Exact copy, pictures excluded: the lines from the one containing "Black and White Men's Vest" to the end of the listing.
Stored data START
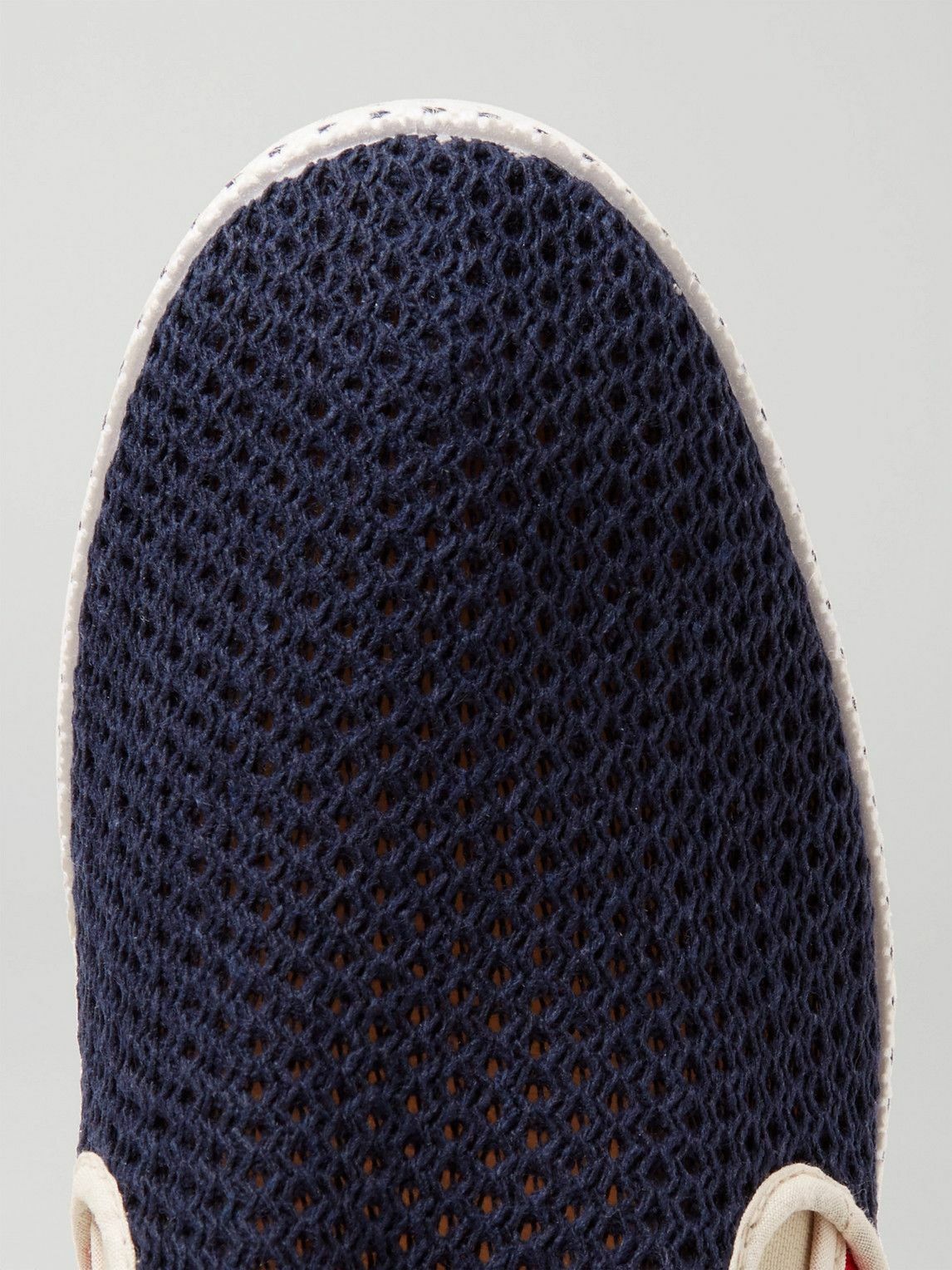 RIVIERAS - Cotton-Mesh and Canvas Espadrilles - Red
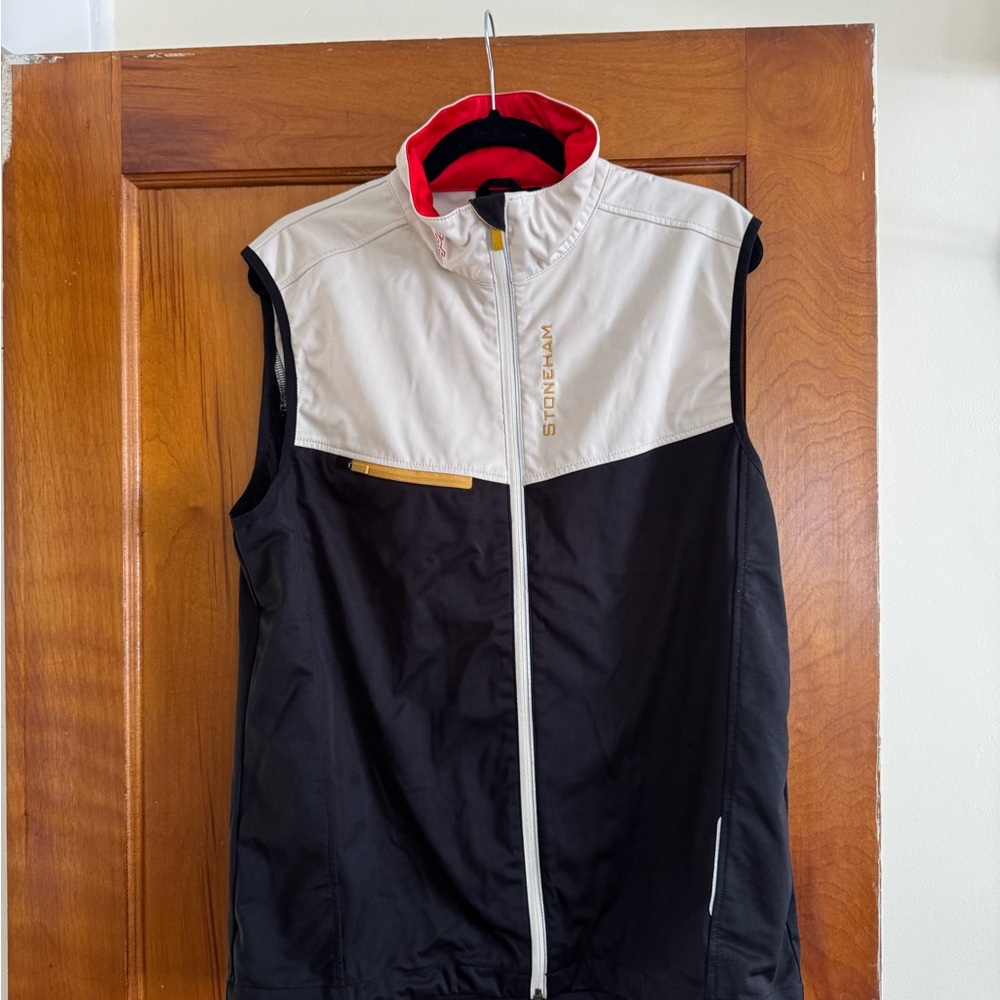 Black and White Men's Vest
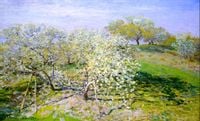 Apple trees in bloom, Claude Monet - plakat 30x20 cm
Stored data END
_Worked solution:_
 Black and White Men's Vest
 Apple trees in bloom, Claude Monet - plakat 30x20 cm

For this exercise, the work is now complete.